Analysis File Formats
Kyma can resynthesize sounds from several different types of analyses: SOS (Sum-of-Sines or additive synthesis), GA (group additive synthesis), and RE (resonator-excitation synthesis). The analysis information is stored in Apple Audio Interchange File Format files.
AIFF Header
SOS Analysis Files
GA Analysis Files
RE Analysis Files
The AIFF Header
A complete description of the Apple Audio Interchange File Format can be found in Inside Macintosh: Sound, published by Addison-Wesley. The information given here is the minimum necessary to produce analysis files for Kyma.
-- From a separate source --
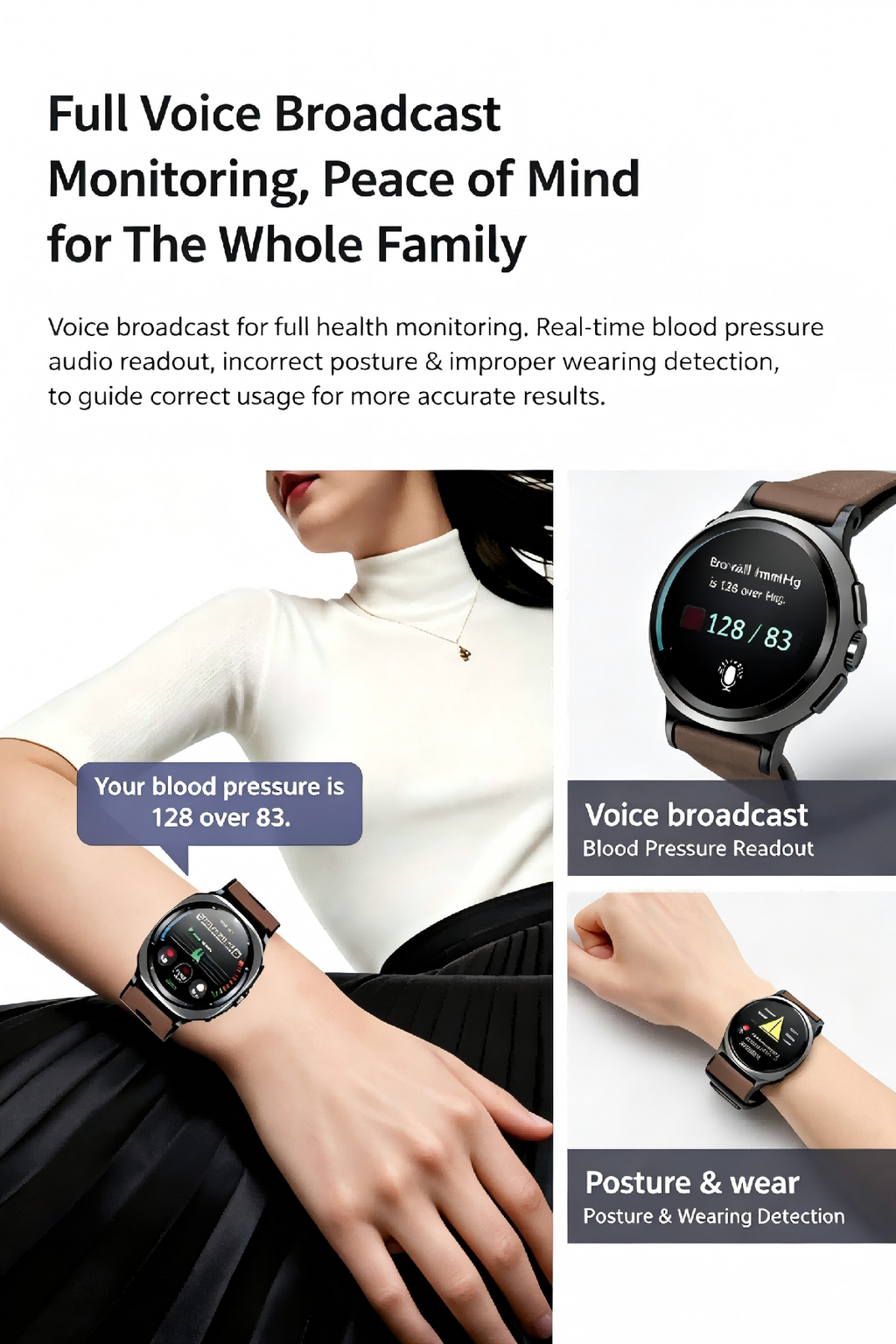 W8 Pro ECG Smart Watch - Air Pump BP, Bluetooth Call, NFC & 10-Day Battery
AIFF files on the Macintosh have a file type of 'AIFF'; on Windows, the file extension is '.aif'. The file itself is broken down into chunks, each chunk contains data about the entire file.
Every AIFF file consists of a single 'FORM' chunk. Inside that chunk are sub-chunks that contain the header information as well as the sample data. The minimal AIFF header consists of the main 'FORM' chunk, plus the 'COMM' chunk and 'SSND' chunk. Kyma adds three distinct application specific chunks to encode additional information for the analysis file. After the initial 'FORM' chunk, the remaining chunks can be presented in any order. Note that all multi-byte entities (16 and 32 bit words) are stored big-endian (most significant byte first) independent of the endian-ness of the host platform.
FORM Chunk
- 00-03 'FORM'
Start of 'FORM' chunk.
- 04-07 ckSize
Size of 'FORM' chunk (== file_size_in_bytes - 8)
- 08-11 'AIFF'
Indicates type of 'FORM' (in this case audio data)
COMMON Chunk
- 12-15 'COMM'
Start of 'COMM' chunk.
- 16-19 ckSize
Size of 'COMM' chunk in bytes (== 18)
- 20-21 channels
- Indicates number of audio channels
- 22-25 frames
- Indicates number of samples in file
- 26-27 sampleBits
- Indicates number of bits per sample (8, 16 or 24
)
- 28-37 SR
- Sample rate as SANE 80-bit extended float
- (use 0x400EAC44000000000000
for 44100 hz)
SOUND DATA Chunk
- 38-41 'SSND'
Start of 'SSND' chunk.
- 42-45 ckSize
Size of 'SSND' chunk
- (== channels * frames * sampleBits / 8 + 8)
- 46-49 offset
Offset to first byte of sample data that follows (== 0)
- 50-53 blockSize
- Block size of data that follows (== 0
)
- 54-+ samples
Sample data
SOS Analysis Files
SOS analysis files contain the amplitude and frequency envelopes of the individual sine waves used in the Sum-of-Sines synthesis. SOS is the format developed in conjunction with Lippold Haken of the CERL Sound Group.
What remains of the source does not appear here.